Task description
As the answer, set down the lines below from the one containing "Bloomingdale's Cresswell Floor" through the one containing "Overthinking Red Thread", exactly and inclusively, and no others.

· · ·

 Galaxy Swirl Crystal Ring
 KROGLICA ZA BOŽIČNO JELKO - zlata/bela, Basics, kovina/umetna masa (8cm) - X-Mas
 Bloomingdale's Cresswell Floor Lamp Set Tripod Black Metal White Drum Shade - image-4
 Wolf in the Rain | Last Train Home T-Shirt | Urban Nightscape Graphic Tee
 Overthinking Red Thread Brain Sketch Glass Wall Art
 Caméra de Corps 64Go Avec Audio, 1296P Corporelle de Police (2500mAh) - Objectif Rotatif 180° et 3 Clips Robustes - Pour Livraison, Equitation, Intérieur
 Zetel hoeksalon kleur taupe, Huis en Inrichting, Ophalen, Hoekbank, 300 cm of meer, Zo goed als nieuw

· · ·

Exercise response
 Bloomingdale's Cresswell Floor Lamp Set Tripod Black Metal White Drum Shade - image-4
 Wolf in the Rain | Last Train Home T-Shirt | Urban Nightscape Graphic Tee
 Overthinking Red Thread Brain Sketch Glass Wall Art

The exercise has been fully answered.